*** Opening of Records for processing ***

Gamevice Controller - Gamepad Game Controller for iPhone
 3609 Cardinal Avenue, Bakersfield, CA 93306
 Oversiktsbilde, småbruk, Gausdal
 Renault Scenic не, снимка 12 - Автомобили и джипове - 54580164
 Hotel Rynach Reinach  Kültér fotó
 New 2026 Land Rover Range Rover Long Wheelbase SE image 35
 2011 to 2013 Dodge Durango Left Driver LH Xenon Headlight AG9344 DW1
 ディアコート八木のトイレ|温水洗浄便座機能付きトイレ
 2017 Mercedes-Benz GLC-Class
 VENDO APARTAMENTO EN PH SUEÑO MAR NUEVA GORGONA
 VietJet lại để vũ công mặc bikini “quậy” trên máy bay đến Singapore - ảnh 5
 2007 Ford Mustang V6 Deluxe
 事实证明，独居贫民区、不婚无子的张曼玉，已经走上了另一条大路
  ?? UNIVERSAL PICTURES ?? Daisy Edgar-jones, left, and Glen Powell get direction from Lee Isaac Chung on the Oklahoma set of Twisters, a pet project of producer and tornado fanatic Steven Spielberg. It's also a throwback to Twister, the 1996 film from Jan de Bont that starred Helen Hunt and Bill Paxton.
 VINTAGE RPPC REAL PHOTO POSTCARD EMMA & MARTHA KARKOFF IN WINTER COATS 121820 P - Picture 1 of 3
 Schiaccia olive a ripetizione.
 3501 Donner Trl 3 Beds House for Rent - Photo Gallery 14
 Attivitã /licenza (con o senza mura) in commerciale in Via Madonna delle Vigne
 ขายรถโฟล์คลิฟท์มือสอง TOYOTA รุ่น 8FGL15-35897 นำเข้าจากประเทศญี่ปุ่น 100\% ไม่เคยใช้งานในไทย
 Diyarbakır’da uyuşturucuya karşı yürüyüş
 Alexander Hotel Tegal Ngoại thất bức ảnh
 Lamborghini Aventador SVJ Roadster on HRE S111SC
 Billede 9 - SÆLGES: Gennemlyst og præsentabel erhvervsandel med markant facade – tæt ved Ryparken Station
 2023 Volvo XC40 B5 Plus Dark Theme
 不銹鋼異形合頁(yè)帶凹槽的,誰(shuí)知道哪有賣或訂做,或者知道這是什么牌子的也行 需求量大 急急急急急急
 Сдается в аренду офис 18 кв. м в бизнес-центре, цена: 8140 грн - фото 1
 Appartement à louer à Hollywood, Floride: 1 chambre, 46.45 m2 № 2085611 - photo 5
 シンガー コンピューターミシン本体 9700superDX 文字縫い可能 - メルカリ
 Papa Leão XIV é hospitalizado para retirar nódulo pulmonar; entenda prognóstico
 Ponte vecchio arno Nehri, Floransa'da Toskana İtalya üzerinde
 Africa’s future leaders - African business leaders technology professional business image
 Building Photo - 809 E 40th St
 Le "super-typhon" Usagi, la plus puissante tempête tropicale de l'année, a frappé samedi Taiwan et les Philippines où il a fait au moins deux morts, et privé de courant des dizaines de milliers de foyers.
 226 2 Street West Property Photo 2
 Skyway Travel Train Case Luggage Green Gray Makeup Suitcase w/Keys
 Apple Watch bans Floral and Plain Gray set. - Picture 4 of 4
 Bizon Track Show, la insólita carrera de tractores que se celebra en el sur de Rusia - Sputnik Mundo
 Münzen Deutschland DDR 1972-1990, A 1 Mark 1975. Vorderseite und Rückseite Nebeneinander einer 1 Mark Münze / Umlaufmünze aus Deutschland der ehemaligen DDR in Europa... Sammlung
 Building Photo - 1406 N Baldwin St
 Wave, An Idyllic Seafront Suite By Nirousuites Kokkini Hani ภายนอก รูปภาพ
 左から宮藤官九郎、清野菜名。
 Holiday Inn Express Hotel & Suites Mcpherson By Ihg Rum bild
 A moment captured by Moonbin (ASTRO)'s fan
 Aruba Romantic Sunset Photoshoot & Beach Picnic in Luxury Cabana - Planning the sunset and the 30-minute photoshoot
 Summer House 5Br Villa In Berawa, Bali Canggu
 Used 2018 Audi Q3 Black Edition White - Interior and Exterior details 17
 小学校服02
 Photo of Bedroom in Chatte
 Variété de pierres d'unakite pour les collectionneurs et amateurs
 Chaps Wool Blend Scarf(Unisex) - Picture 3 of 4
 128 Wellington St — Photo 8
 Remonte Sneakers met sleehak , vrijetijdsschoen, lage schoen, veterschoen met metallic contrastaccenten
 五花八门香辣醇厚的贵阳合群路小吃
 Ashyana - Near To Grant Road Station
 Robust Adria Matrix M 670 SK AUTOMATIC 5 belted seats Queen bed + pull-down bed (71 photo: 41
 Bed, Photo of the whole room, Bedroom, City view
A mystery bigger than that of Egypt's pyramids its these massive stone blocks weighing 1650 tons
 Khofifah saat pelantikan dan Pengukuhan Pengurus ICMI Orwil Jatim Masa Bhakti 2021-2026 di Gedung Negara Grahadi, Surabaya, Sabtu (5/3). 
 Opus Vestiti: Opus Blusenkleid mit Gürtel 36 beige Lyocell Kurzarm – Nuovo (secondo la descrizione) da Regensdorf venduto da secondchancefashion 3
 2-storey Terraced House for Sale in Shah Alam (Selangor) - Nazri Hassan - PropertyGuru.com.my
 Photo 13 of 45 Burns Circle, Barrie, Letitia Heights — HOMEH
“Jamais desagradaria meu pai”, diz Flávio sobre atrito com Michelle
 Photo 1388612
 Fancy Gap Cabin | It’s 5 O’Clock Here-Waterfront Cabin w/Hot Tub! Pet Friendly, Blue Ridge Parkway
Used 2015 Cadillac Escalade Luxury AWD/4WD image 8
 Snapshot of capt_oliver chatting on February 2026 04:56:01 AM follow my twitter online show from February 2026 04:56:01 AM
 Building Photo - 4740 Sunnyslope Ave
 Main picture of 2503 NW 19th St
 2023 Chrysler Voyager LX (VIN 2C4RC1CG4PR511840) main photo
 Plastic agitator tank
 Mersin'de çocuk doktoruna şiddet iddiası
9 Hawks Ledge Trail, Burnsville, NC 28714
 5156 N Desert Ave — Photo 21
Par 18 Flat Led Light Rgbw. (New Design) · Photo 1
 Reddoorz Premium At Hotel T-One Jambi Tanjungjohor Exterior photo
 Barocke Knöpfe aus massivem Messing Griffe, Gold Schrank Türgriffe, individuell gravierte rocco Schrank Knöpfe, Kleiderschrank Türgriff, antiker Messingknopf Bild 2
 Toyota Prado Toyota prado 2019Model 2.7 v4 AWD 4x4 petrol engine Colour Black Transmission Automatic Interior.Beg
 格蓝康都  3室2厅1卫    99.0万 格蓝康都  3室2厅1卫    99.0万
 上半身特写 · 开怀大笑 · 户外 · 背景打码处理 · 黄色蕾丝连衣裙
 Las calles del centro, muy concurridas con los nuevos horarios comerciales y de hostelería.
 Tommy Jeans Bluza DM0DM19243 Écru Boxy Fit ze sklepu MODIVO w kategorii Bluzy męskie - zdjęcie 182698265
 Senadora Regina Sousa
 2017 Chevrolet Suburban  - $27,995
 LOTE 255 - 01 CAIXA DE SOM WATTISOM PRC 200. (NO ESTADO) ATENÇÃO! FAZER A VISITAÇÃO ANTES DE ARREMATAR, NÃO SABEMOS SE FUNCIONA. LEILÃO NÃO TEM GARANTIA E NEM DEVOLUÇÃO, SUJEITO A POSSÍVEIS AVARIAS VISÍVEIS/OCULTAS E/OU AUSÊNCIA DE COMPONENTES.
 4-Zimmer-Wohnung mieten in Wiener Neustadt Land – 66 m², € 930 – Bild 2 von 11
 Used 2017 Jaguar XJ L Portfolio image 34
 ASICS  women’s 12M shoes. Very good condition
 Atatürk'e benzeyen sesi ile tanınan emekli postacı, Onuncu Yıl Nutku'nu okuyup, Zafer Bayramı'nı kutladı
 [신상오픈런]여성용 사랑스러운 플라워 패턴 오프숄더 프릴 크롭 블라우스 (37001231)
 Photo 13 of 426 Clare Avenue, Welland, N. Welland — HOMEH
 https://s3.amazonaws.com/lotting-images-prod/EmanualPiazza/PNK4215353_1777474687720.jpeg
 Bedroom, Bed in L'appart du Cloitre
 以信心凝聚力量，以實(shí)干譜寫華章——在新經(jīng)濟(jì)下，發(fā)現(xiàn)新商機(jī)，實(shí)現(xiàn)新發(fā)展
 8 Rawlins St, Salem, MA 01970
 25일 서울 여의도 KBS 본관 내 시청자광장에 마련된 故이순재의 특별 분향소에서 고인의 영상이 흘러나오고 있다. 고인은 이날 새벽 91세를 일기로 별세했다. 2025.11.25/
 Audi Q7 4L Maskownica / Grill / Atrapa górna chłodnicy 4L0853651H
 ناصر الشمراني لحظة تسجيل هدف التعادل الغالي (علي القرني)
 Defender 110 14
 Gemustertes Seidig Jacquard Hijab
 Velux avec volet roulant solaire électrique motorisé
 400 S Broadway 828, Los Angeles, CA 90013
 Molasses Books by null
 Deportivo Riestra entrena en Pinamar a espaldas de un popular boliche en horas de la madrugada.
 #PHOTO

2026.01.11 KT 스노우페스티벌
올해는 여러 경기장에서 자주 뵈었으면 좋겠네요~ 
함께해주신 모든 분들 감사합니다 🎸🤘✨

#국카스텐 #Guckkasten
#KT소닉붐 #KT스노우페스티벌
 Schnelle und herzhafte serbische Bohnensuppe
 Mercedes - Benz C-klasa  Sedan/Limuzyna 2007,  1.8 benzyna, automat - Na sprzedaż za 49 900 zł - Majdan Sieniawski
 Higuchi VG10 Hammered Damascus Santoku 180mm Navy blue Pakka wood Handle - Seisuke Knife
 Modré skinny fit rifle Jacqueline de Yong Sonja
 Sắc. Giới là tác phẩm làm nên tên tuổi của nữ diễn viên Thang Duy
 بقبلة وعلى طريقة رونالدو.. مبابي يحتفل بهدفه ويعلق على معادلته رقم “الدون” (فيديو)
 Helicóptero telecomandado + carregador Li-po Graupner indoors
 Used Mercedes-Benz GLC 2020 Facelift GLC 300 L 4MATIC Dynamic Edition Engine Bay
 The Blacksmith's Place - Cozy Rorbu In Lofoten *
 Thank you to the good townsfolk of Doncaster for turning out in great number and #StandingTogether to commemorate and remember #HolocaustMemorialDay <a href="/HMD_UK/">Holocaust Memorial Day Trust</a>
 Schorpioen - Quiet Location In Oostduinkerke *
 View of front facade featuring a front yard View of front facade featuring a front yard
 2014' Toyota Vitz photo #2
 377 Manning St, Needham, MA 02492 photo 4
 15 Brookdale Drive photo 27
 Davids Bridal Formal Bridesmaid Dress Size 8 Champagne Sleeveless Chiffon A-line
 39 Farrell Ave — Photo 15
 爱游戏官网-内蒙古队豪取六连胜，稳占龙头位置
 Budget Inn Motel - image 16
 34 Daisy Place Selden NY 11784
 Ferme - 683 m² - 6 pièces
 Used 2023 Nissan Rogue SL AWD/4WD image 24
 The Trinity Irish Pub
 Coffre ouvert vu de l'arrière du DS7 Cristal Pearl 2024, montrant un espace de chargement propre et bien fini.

*** Close of Records for processing ***

What you need to do -> The entries above hold a line with "Molasses Books by null" and a later line with "Mercedes - Benz". Write out exactly those lines and all lines between, nothing more.

Output of the task ->
 Molasses Books by null
 Deportivo Riestra entrena en Pinamar a espaldas de un popular boliche en horas de la madrugada.
 #PHOTO

2026.01.11 KT 스노우페스티벌
올해는 여러 경기장에서 자주 뵈었으면 좋겠네요~ 
함께해주신 모든 분들 감사합니다 🎸🤘✨

#국카스텐 #Guckkasten
#KT소닉붐 #KT스노우페스티벌
 Schnelle und herzhafte serbische Bohnensuppe
 Mercedes - Benz C-klasa  Sedan/Limuzyna 2007,  1.8 benzyna, automat - Na sprzedaż za 49 900 zł - Majdan Sieniawski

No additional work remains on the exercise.